A análise de Cassano até pode ser “radical”, por não ter completamente em conta o peso dos números do avançado português, mas acabou por resumir da melhor forma as oscilações da Juventus ao longo da temporada como voltou a acontecer em Verona, com os campeões italianos a ficarem na frente do marcador com um golo de Ronaldo no início da segunda parte (49′) antes do empate dos visitados por Barak dentro do último quarto de hora (77′), que pode agora deixar o Inter a dez pontos dos bianconeri (que têm um encontro em atraso).
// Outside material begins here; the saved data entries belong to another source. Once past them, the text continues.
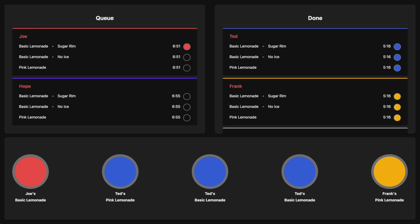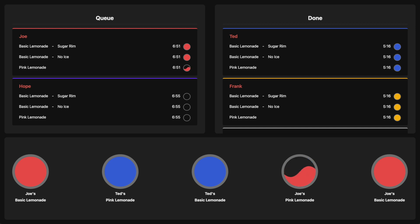When I click this button I simulate the robot having completed that drink, and you can see that Joe's lemonade is now shown in the leftmost spot on the table. Clicking next, you can see the robot is starting to make the basic lemonade with no ice, showing where that drink is going to end up on the right of the table — so you can see it cycling through those positions. Proceeding further, Joe's basic lemonade is finished and it's now going to work on Joe's pink lemonade. One of Ted's drinks was previously in that location and it updated.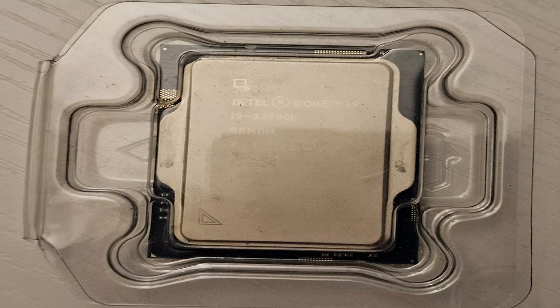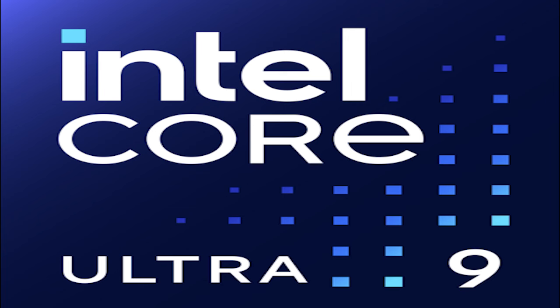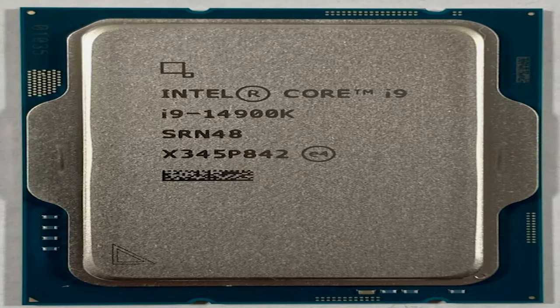This move highlights Intel's confidence in their product quality and reliability. The extended warranty means Intel has heard about people's fears but shows they have confidence in their product.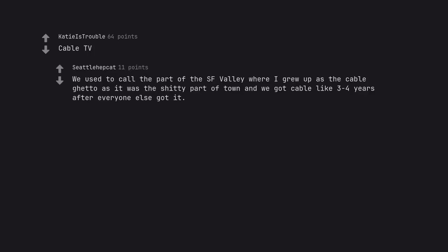Cable TV. We used to call the part of the SF Valley where I grew up as the cable ghetto as it was the shitty part of town and we got cable like 3-4 years after everyone else got it.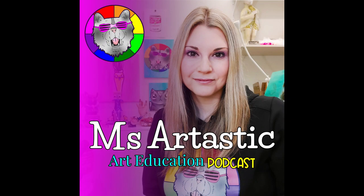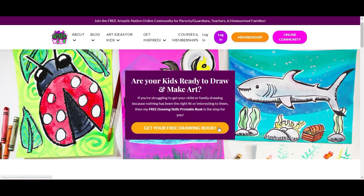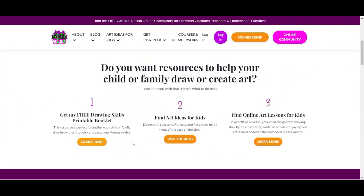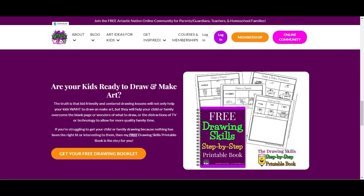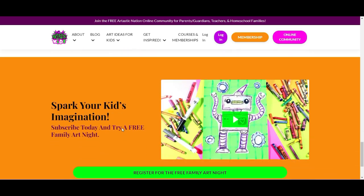You're listening to the Ms. Artastic podcast — inspiration for art teachers. Here's your host Kathleen McGivern. This episode is brought to you by ArttasticKids.com. If you're a parent, guardian, homeschool family, or a classroom teacher looking for art lessons and resources, begin your journey by finding free art lessons, tips, advice, and more at ArttasticKids.com.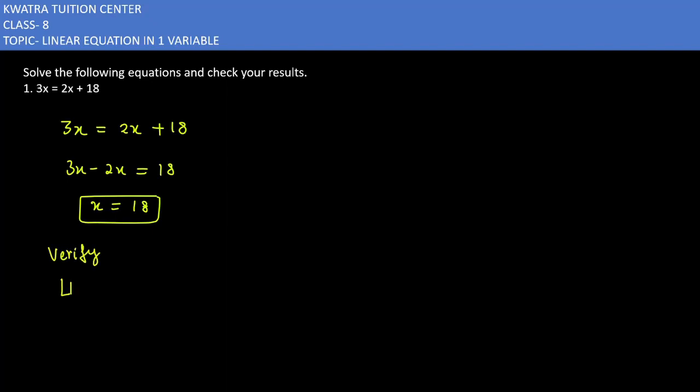Take the left hand side first. 3x, where x equals 18. So 3 times 18 equals 54.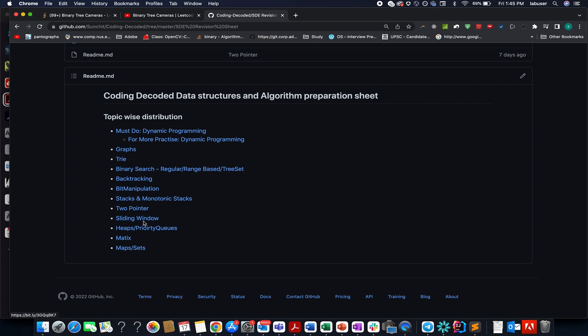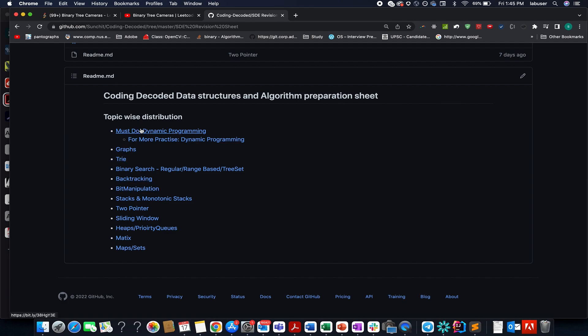I'm getting a couple of messages with respect to bit manipulation, backtracking, tries, graph, dynamic programming, which is one of the most toughest topics to understand. And these sheets are helping you out. It makes me feel accomplished.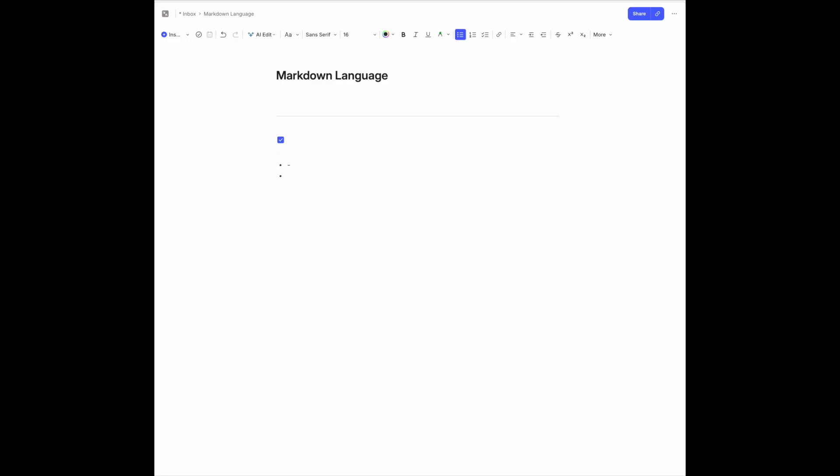So those are the latest updates. Nothing earth-shaking, but you can imagine that Evernote is adding some easy fixes to version 10 before they roll out version 11.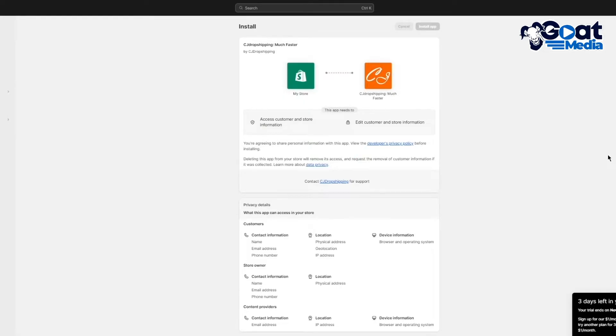Once you click on install app, we're just going to wait for things to load up real quick. Now, once things have loaded up, you are going to want to make sure that you have an account with CJ Dropshipping. If you don't have an account, don't worry. That's totally fine. The account creation process for CJ is really simple. It's absolutely easy and it's not a hassle at all.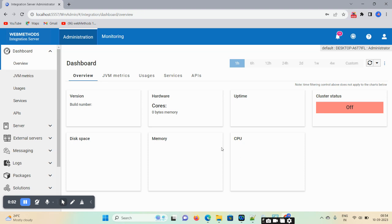Hello friends, welcome back. Today's session we will discuss how you can implement global and local variables in your flow service. Let's start the demo. First, we are creating a global variable.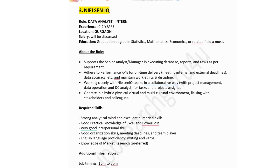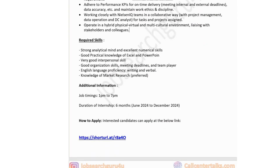The third company is NielsenIQ, hiring for Data Analyst Intern. Experience: zero to two years. Job location: Gurgaon. Salary to be discussed. Education: graduation degree in statistics, mathematics, economics, or related field. The role supports senior analysts or managers in executing database reports and tasks, adhering to performance KPIs for timely delivery, and working collaboratively in a hybrid multicultural environment. Required skills: strong analytical and numerical skills, Excel, PowerPoint, interpersonal skills, English proficiency, and knowledge of market research. Internship duration: six months, 1 PM to 7 PM.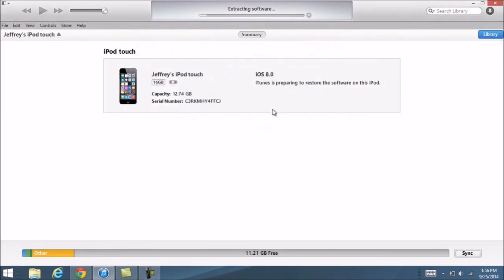Then it's going to start extracting the software. Once that's finished, it'll start moving it over to the device. Once that's done, you're done. Your device is downgraded and you're back to iOS 7, just as I said before.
[Clique nas imagens para ver os golos do Verona-Juventus em vídeo]

“Estamos numa situação de emergência. Se olharmos para as ausências. Já adaptei Alex Sandro a defesa central, pelo que não podia inventar mais do que isto. Faltam-nos quatro defesas, defesas centrais e avançados, então digam-me o que devo fazer…”, comentou no final Andrea Pirlo, em declarações à Sky Itália. “Foi um resultado desapontante, apesar de sabermos das dificuldades que iríamos ter pela frente. Conseguimos chegar à vantagem, que era a parte mais complicado, mas não conseguimos segurar esse avanço. Existem alguns detalhes que os jogadores mais novos ainda não perceberam que podem fazer a diferença. Quando estamos na frente, temos de trazer esses jogos e esses resultados para casa”, acrescentou depois ao DAZN.